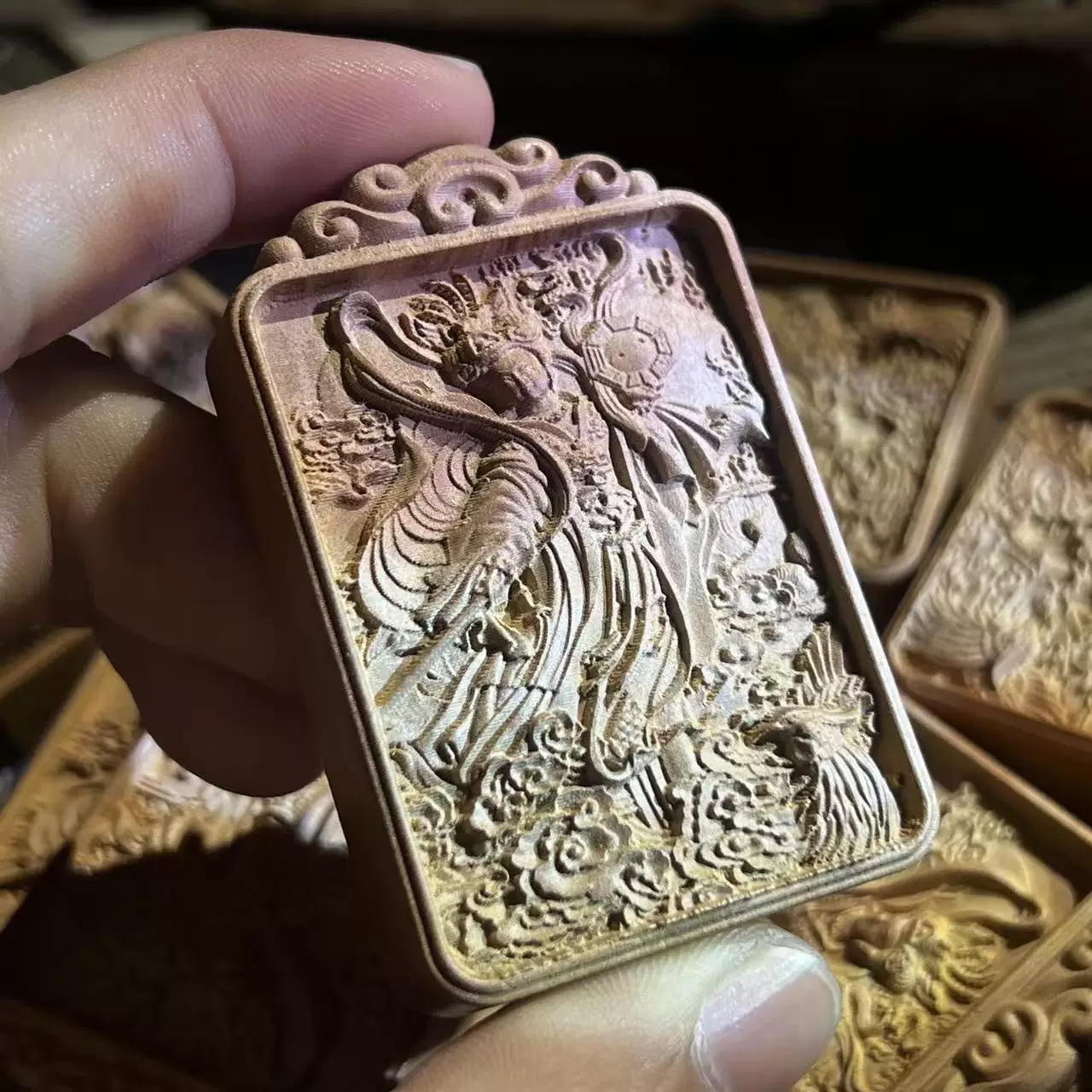 九天玄女赐福枣木精雕道系平安无事牌-衔鳞集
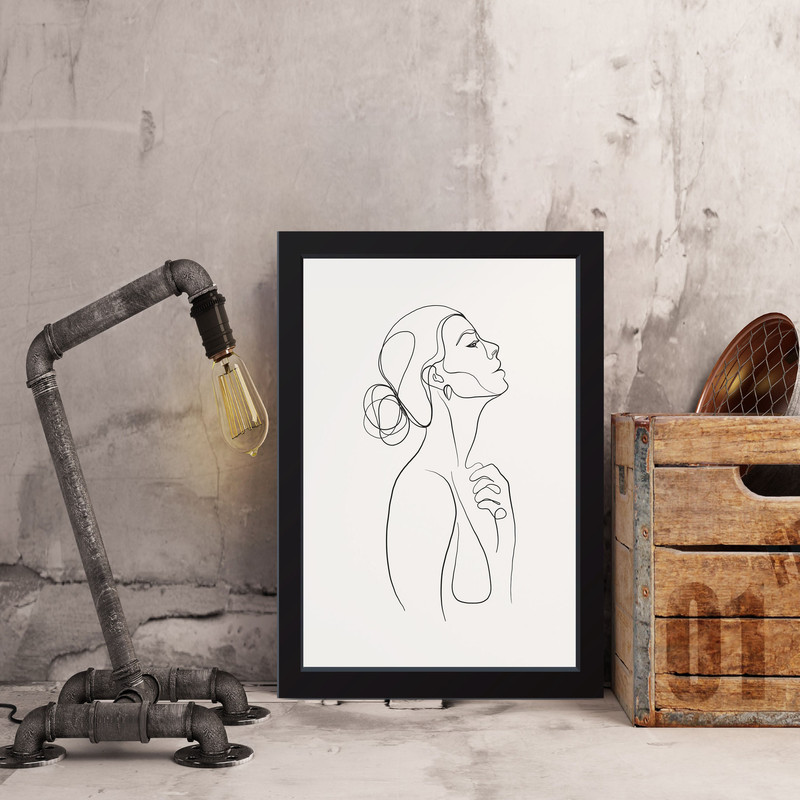 تابلو مدل مینیمال Black line girl کدQ0323 - Image 2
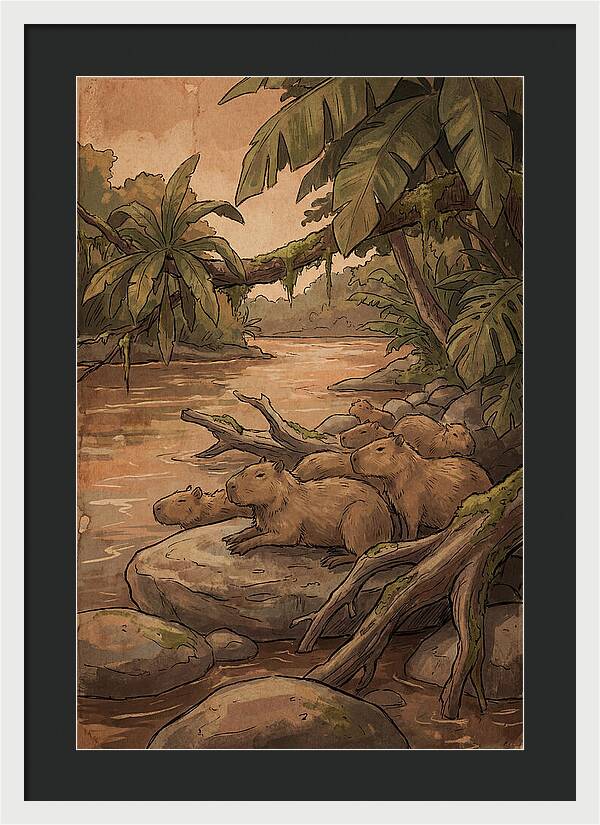 Relaxing Capybara Family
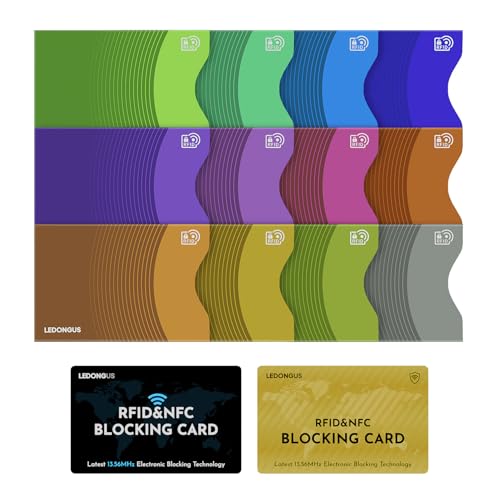 RFID Blocking Card Sleeves, 12-Pack with 2 RFID Blocking Cards|Anti-Theft Protection for Credit Cards| Contactless Skimming Defense,Ultra-Slim & Stylish|Multi-Color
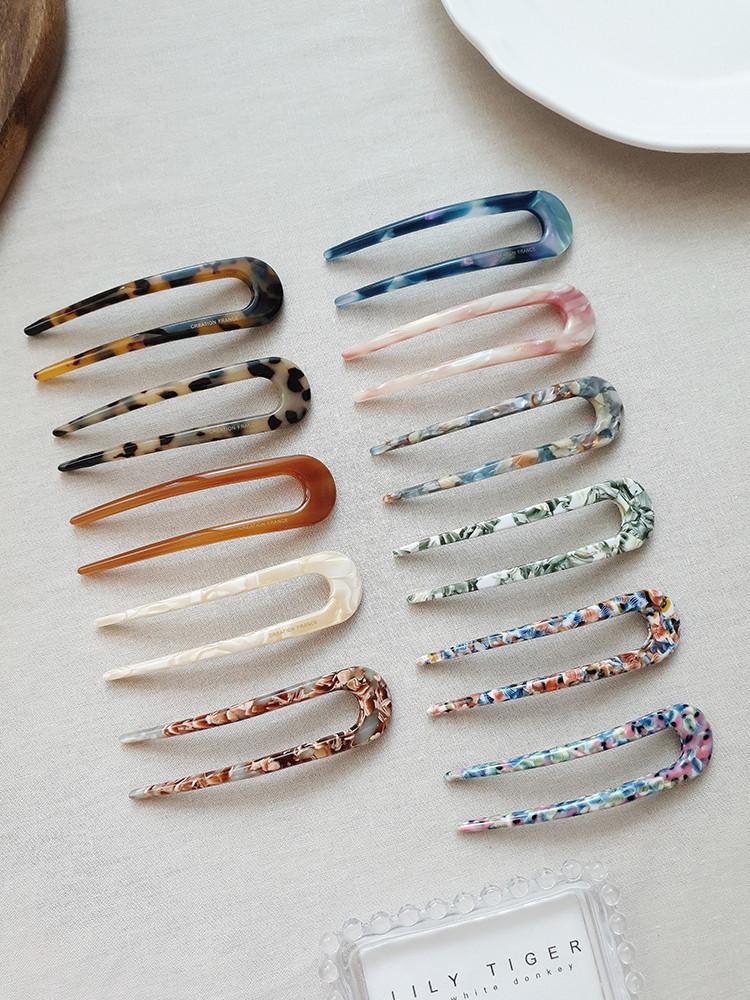 프랑스핀 심플 데일리 올림머리 U자 비녀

# Your assignment:
The required output is the lines from the one containing "تابلو مدل مینیمال" through the end of the data, printed exactly, with no pictures.

# Task output:
 تابلو مدل مینیمال Black line girl کدQ0323 - Image 2
 Relaxing Capybara Family
 RFID Blocking Card Sleeves, 12-Pack with 2 RFID Blocking Cards|Anti-Theft Protection for Credit Cards| Contactless Skimming Defense,Ultra-Slim & Stylish|Multi-Color
 프랑스핀 심플 데일리 올림머리 U자 비녀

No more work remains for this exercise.